Former president Mary McAleese has criticised the Vatican for replacing its commitment to implement the UN Convention on the Rights of the Child in the universal church with an undertaking to enforce it exclusively in Vatican City State.

Mrs McAleese, who is completing a doctorate in Catholic church law at a university in Rome, recalled the Holy See's 1995 statement to the UN Committee on the Rights of the Child that the Vatican City State was a childless workplace for church administrators where implementation of the convention did not arise.

That church report dwelt on how the treaty was being implemented in the universal church.
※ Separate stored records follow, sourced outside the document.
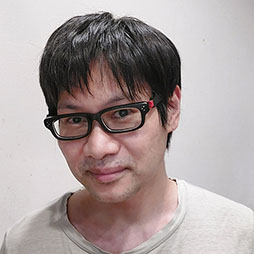 画像ギャラリー No.005のサムネイル画像 / トークイベント「吉Pラジオ」「吉Pナイト」，インディーゲーム開発者の宮澤卓宏氏，レベルファイブを率いる日野晃博氏を迎えて10月24日に開催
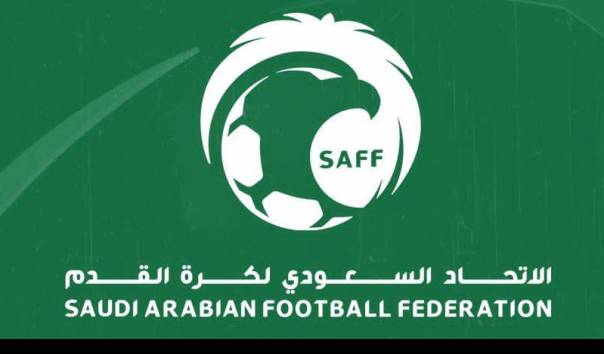 enggak-cuma-negara-pemilik-ka-bah-arab-saudi-menjelma-menjadi-negara-sepak-bola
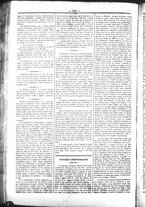 giornale/UBO3917275/1869/Settembre/26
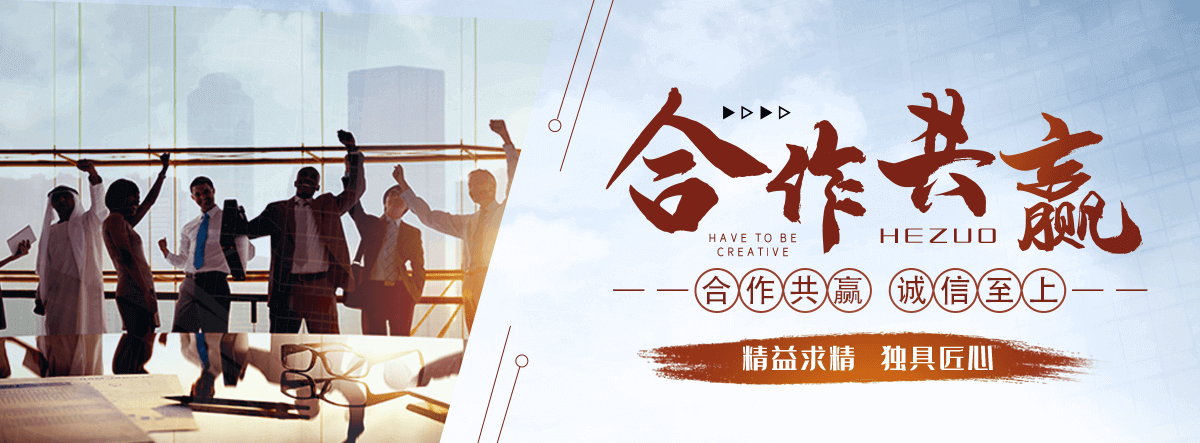阜阳自研AI全域获客系统与成熟落地运营体系,GEO推广公司,口碑好的GEO推广公司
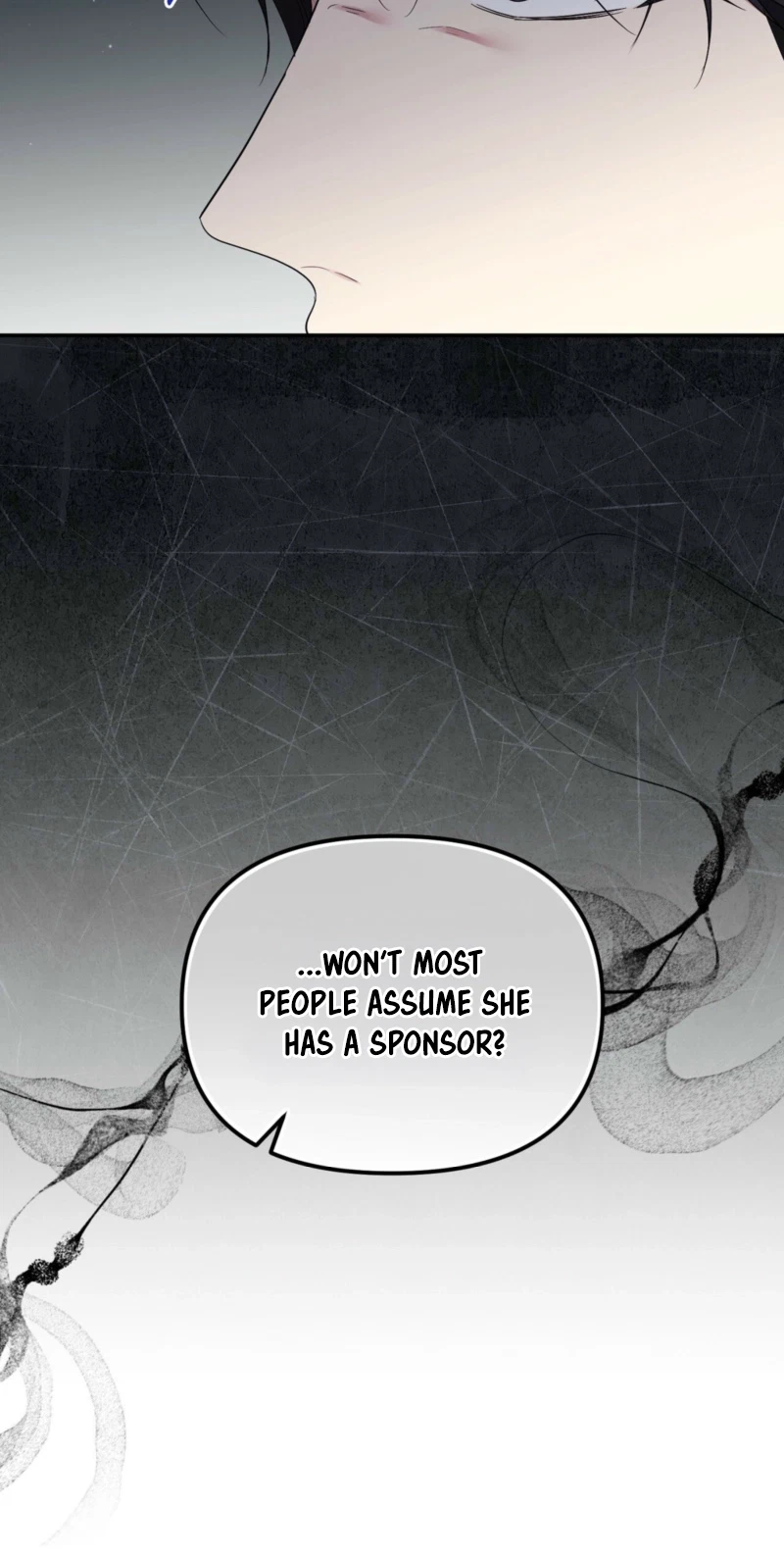 Chapter 18, page 54
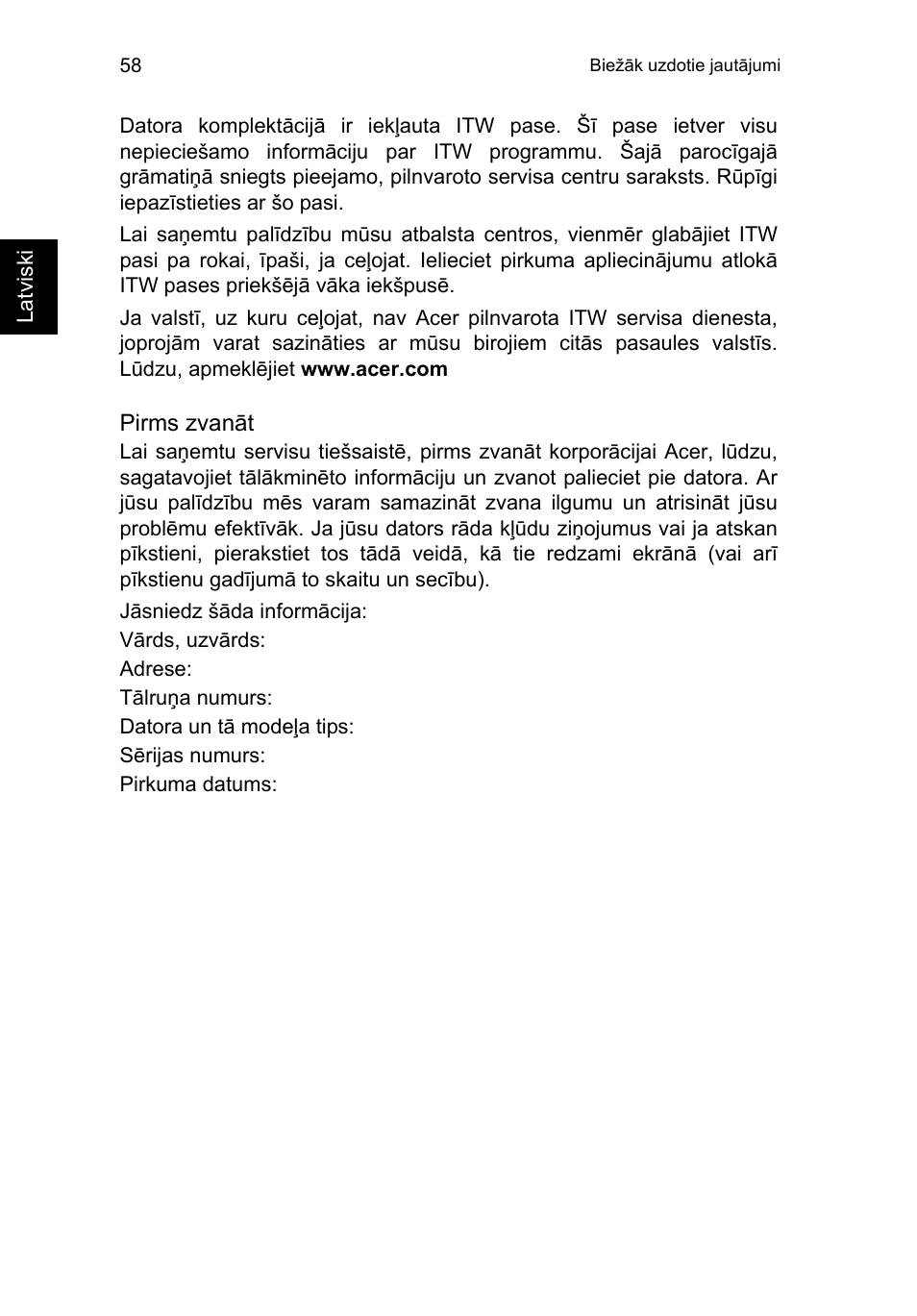 Acer TravelMate P653-V User Manual | Page 2014 / 2742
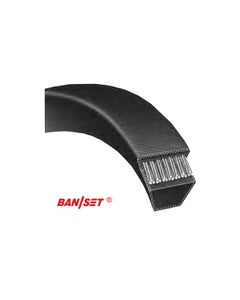 Bando B 51 Green Seal V-belt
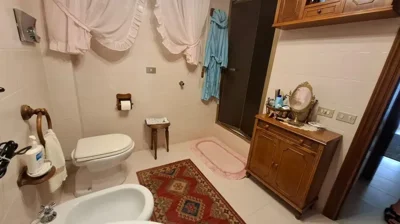 original20250909-09415468deb19950de6jpg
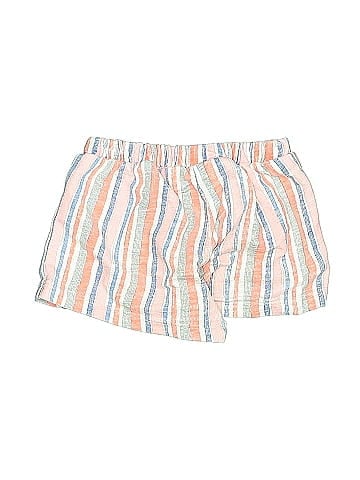 Zara Baby Shorts (view 2)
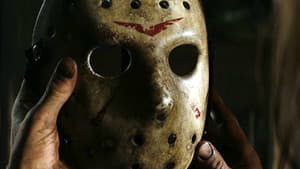 Viernes 13 — foto 8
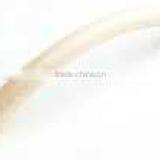 Cabinet Handel Stylish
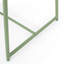 ELBA CHAT ENSEMBLE-1235620904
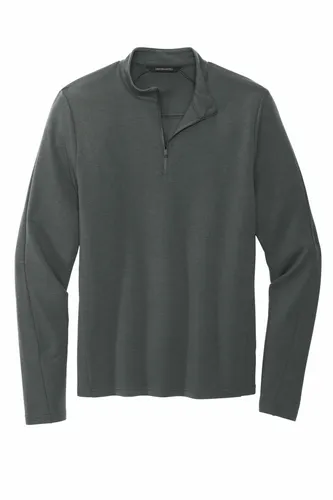 Anchor Grey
She then described how the Vatican told the monitoring committee's second review, which concluded in 2014 and which was dominated by questions about clerical child sexual abuse, that it was only obliged to implement the convention within Vatican City, a tiny city state which at that stage was home to a handful of children.

The Holy See argued that the most it could be expected to do outside the Vatican was to encourage people of goodwill to support the convention.

The former president asked why the Holy See is unwilling to implement the treaty within its own universal laws and teaching for the benefit of all its 300 million child members, given its willingness to act as a persuader for governments to implement the convention.

Speaking to the Royal Irish Academy in Dublin, she also accused senior Catholic officials of misleading the United Nations about the church's teaching on both corporal punishment and illegitimacy.

She said church representatives misled the UN committee four years ago when they stated that "on the international level, the Holy See does not promote corporal punishment" or use the term illegitimate.